TO DO: Your job is to set down the stretch of entries that opens with the line containing "Bota Calfor Pampeana" and closes with the line containing "24karats ジャージ上下 ブラック/ゴールド". Keep both end lines, copy each exactly, and add nothing.

INPUT:
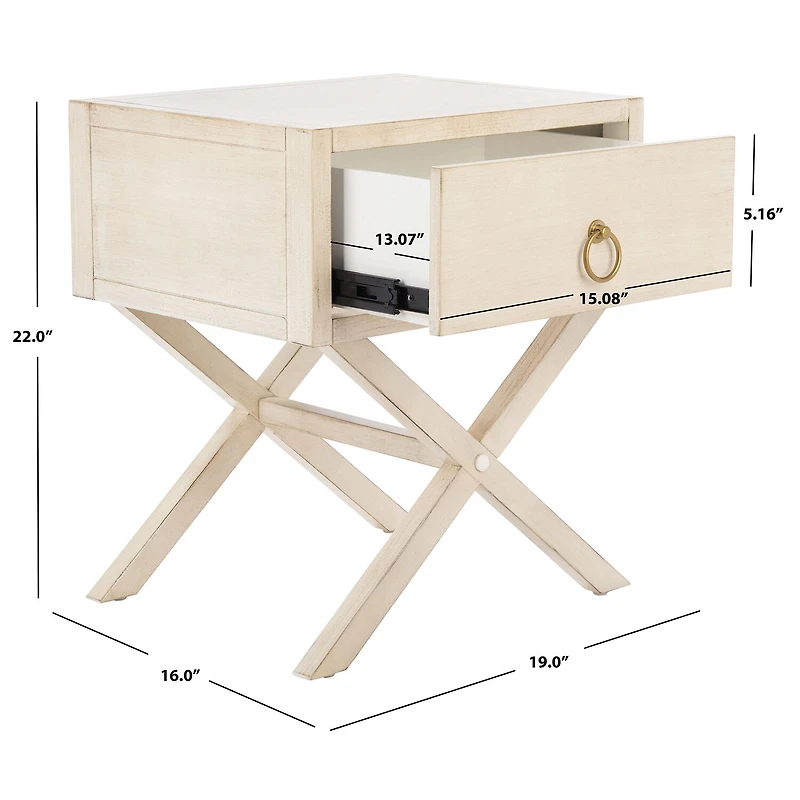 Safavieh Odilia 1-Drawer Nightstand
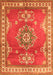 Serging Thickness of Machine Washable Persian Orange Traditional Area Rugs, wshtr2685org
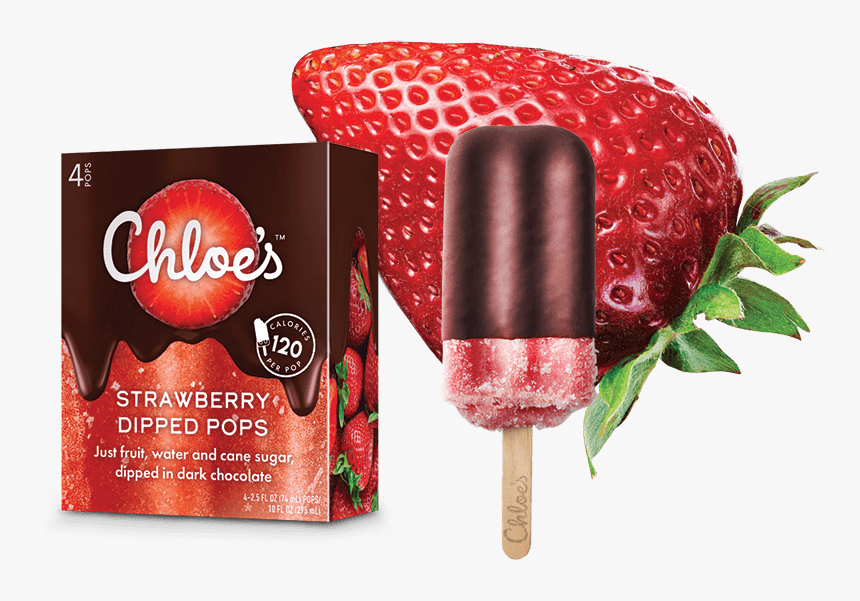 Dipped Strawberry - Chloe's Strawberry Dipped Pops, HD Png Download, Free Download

---

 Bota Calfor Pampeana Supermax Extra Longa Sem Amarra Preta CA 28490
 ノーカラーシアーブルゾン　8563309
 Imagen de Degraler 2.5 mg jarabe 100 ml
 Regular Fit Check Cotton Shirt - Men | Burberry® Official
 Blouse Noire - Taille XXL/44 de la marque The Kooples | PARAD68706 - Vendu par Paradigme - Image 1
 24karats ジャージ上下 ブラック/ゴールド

OUTPUT FOR THIS EXERCISE:
 Bota Calfor Pampeana Supermax Extra Longa Sem Amarra Preta CA 28490
 ノーカラーシアーブルゾン　8563309
 Imagen de Degraler 2.5 mg jarabe 100 ml
 Regular Fit Check Cotton Shirt - Men | Burberry® Official
 Blouse Noire - Taille XXL/44 de la marque The Kooples | PARAD68706 - Vendu par Paradigme - Image 1
 24karats ジャージ上下 ブラック/ゴールド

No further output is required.